[[ DATA TO USE, beginning ]]
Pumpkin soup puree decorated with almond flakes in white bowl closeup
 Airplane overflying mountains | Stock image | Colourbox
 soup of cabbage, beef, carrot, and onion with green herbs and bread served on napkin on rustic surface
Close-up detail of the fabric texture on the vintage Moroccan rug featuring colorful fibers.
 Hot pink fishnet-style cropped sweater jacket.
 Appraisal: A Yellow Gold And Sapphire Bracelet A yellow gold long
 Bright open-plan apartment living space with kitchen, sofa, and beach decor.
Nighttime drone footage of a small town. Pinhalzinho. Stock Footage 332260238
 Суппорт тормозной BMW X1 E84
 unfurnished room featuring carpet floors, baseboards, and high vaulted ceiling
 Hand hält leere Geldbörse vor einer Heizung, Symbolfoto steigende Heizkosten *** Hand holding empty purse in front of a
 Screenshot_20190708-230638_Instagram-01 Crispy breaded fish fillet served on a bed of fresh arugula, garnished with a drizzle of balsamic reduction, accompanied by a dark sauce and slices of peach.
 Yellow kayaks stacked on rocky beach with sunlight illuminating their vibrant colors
[[ DATA TO USE, end ]]
● TO DO:
Lines in the records above that carry the word "soup" are to be located and copied.

● ANSWER SPACE:
Pumpkin soup puree decorated with almond flakes in white bowl closeup
 soup of cabbage, beef, carrot, and onion with green herbs and bread served on napkin on rustic surface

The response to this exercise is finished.